Recep Tayyip Erdogan, président de la Turquie, s’empare des pleins pouvoirs et oriente son pays vers un islam de plus en plus rigoriste. Explication d’une évolution inquiétante.
«Si Dieu le veut, ma chère nation se rendra aux urnes le 16 avril. La Turquie est parvenue à un carrefour majeur pour changer son système de gouvernement. » Par ces propos tenus début février à Aksaray, ville située en Cappadoce, le président Recep Tayyip Erdogan annonçait le référendum au cours duquel les électeurs turcs seront appelés à se prononcer sur une nouvelle Constitution. Celle-ci a été approuvée par le Parlement le 21 janvier, non sans mal d’ailleurs puisque des échauffourées avec violences physiques entre des députés de la majorité et de l’opposition ont eu lieu dans l’hémicycle pendant les différentes phases d’examen du texte.
Mais avec l’approbation de 339 élus sur 550, la majorité des trois-cinquièmes requise pour une telle réforme a été largement atteinte. Le chef de l’État compte maintenant sur une nette victoire du « oui » au référendum, ce qui est probable grâce au prestige dont il jouit auprès d’une grande partie de son peuple, celui de la Turquie profonde, attachée à son identité orientale et sunnite.
Erdogan est donc sur le point de réaliser le rêve qu’il nourrit depuis son élection comme président en 2014 : être encore au pouvoir en 2023, année du centenaire de la création de la République par Mustapha Kemal. Cela est tout à fait envisageable puisque la prochaine échéance aura lieu en 2019. Il suffirait alors que la réforme ait valeur de « nouveau départ », point qui est évoqué mais non encore établi, pour permettre à l’actuel président de se maintenir au pouvoir jusqu’en 2029, ce qui lui donnerait le temps de consolider la physionomie de la nouvelle Turquie qu’il désire.
Hautement symbolique, la date de 2023 semble idéale à Erdogan pour rester dans l’histoire comme le nouvel Atatürk (« père des Turcs »), celui de la refondation de son pays, ce qui, sans enterrer M. Kemal le reléguerait au rang de « grand-père » de la République, comme l’a expliqué le politologue turc Ahmet Insel dans un entretien au journal Le Monde daté des 11 et 12 décembre 2016. « Il [Erdogan] tente de créer une République islamo-nationaliste.

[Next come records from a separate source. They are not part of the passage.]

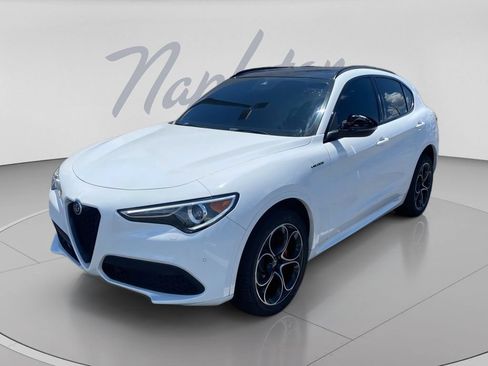 Used 2022 Alfa Romeo Stelvio Veloce AWD/4WD image 4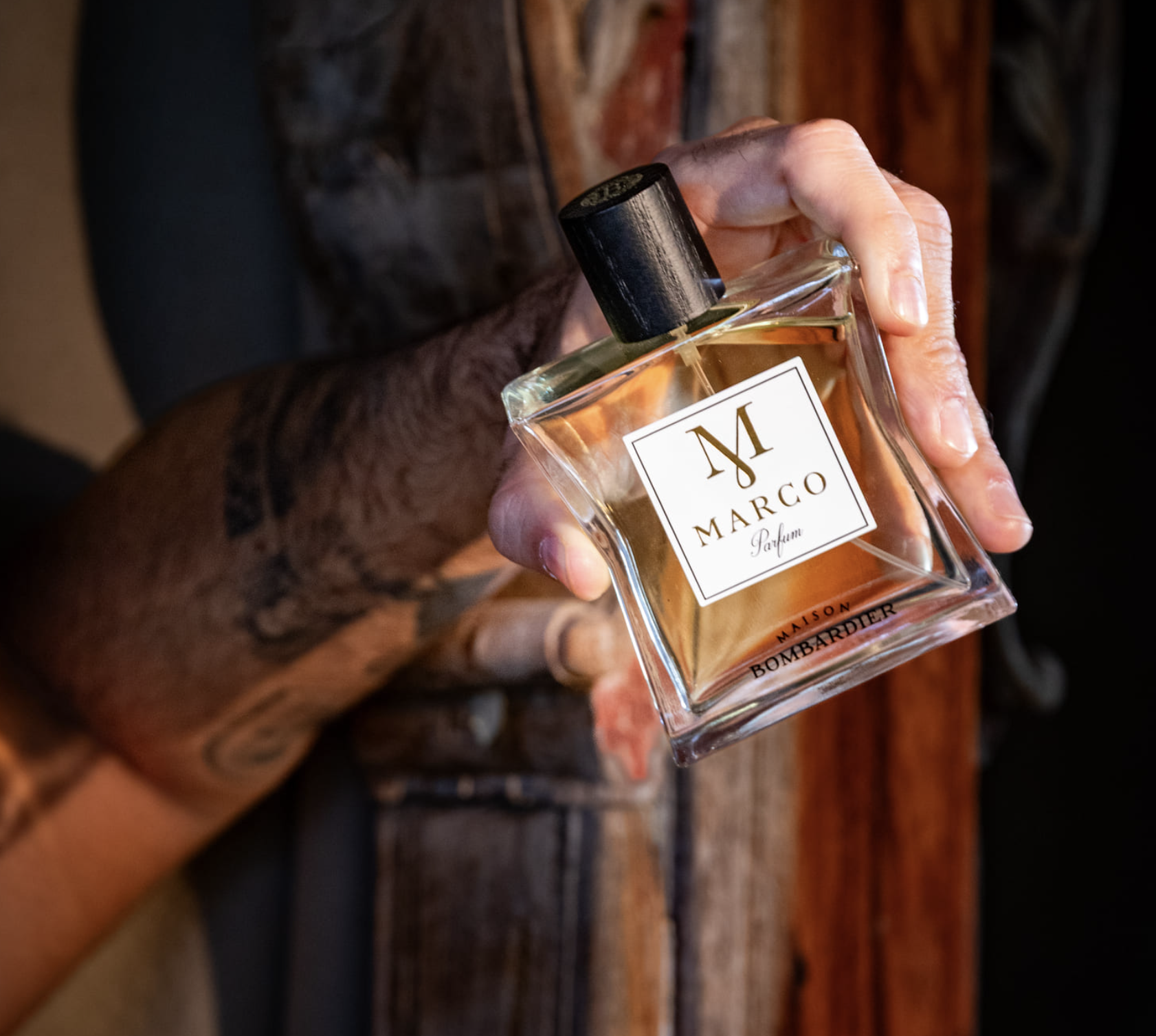 Flacon du parfum Marco par Maison Bombardier tenu en main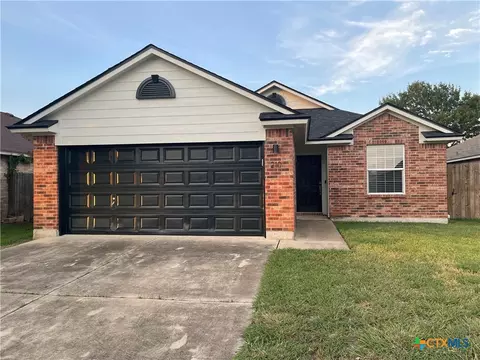 210 Yellowstone Dr, Victoria, TX 77904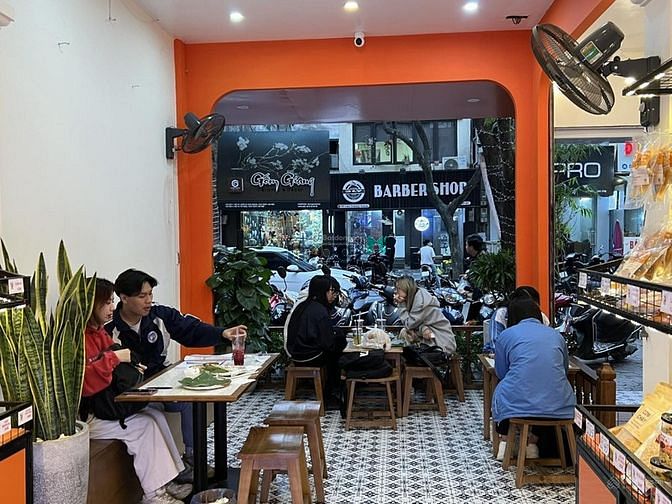 Cho thuê nhà mặt phố Tô Hiệu DT: 140m2 - MT: 4m - Giá thuê: 22 triệu.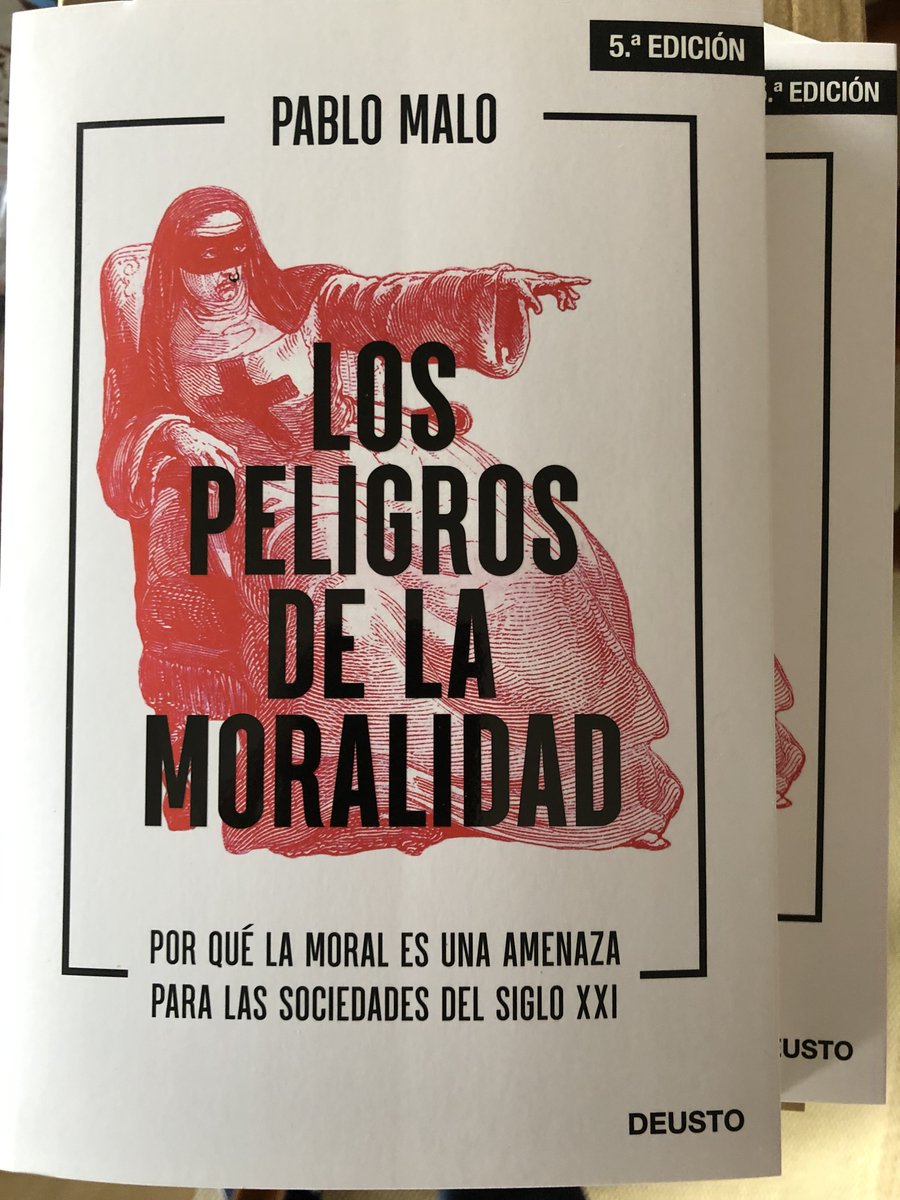 pitiklinov's tweet photo. ¡¡Acaba de salir la 5ª edición de Los Peligros de la Moralidad!!.

Estamos viviendo estos días en los conflictos internacionales momentos en los que parece que ha desaparecido la empatía por otros seres humanos y vemos llamadas al exterminio y la aniquilación de los miembros del grupo rival.

¿Cómo pueden estos conflictos anular el sentido humano básico de compasión por las brutalidades infligidas a personas inocentes? La respuesta es que la psicología de nuestra mente moral punitiva -la condena moral y la venganza- pueden desactivar la empatía.

Un aspecto profundo de la naturaleza humana es, que nuestra empatía puede interrumpirse en determinadas circunstancias, se bloquea y desaparece por completo. La empatía se interrumpe cuando la otra persona es miembro de una coalición rival, -un enemigo-, pero también cuando se considera que la otra persona ha cometido un agravio moral, es decir, cuando la otra persona es mala moralmente. Un ser humano al que consideramos malo moralmente es como si hubiera perdido su cualidad de ser humano y lo deshumanizamos, es una alimaña, un patógeno y se merece el castigo que con toda la crueldad necesaria y sin ningún sentimiento de culpa estamos dispuesto a administrarle.

Sin el efecto amortiguador de la empatía, como estamos viendo, la gente es capaz de los actos más horrendos. Los moralistas -los vengadores y justicieros- se convierten en psicópatas y sádicos que no respetan ni a niños inocentes. Y, en lo que respecta a terceros, su empatía por las víctimas también puede inhibirse por lealtad a los perpetradores u otras razones. Una vez que las personas creen que alguien a quien han hecho daño "se lo merecía", la crueldad que están dispuestas a tolerar no suele tener fin.

En definitiva, nuestra mente moral (tribal y punitiva) puede arrastrarnos a la inmoralidad.

El libro habla de cómo nuestras convicciones morales no son como otras convicciones y llevan el germen de la imposición y la intolerancia; de que dividimos el mundo en Nosotros y Ellos y de que nuestra mente moral es tribal; de que vemos las transgresiones morales como una díada donde hay un perpetrador y una víctima -blanco y negro, buenos y malos-; de la Violencia Moralista; de que la moral está invadiendo esferas donde no debería entrar como en la ciencia, lo cual va a ser perjudicial para la sociedad en su conjunto. Todo ello nos puede ayudar a entender mejor el mundo en el que vivimos.

¡¡Gracias a todos los que habéis leído el libro y lo estáis recomendando!!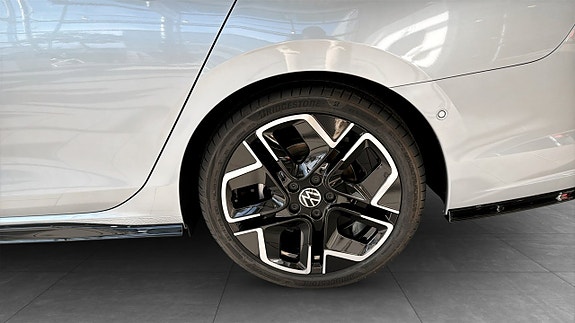 Volkswagen Golf I 6 of 13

La parenthèse qu’il cherche à refermer n’est pas tant celle du kémalisme que celle de la modernisation et de l’occidentalisation mises en œuvre à la fin du XIXe siècle par les réformes ottomanes. Réformes accélérées ensuite par Mustapha Kemal. »
RÉISLAMISATION
Insel fait ici allusion aux décrets de réorganisation (Tanzimat) pris par les sultans sous la pression de l’Europe alors que l’Empire était sur le déclin. L’un de ces décrets, publié en 1856 par Abdülmecit Ier, proclamait l’égalité devant la loi de tous les sujets ottomans, sans distinction de religion. « Désormais, il est interdit d’appeler infidèle l’infidèle. » Telle fut la traduction, dans l’imaginaire des musulmans, de cette réforme qui remettait en cause l’un des fondements de base de la conception islamique de l’État, démontre Insel dans un ouvrage essentiel pour comprendre les évolutions actuelles (1). Dans son entretien au Monde, cet auteur précisait : « Les modernisateurs considéraient que l’islam était la raison du retard face à l’Occident. Pour les conservateurs islamistes, au contraire, la décadence de l’Empire s’expliquait par l’abandon du “vrai” islam. Erdogan s’inscrit dans cette pensée. Il s’appuie aussi sur le bloc politique sunnite conservateur et nationaliste, qui pèse entre 50 et 60 % électoralement. » Un électorat, ajoutait-il, qui se sent méprisé par l’élite kémaliste et sécularisée, et qu’Erdogan encourage à la vengeance. Pour le président turc, « on ne peut être à la fois laïque et musulman, parce qu’Allah, le créateur du musulman, dispose du pouvoir absolu » (2).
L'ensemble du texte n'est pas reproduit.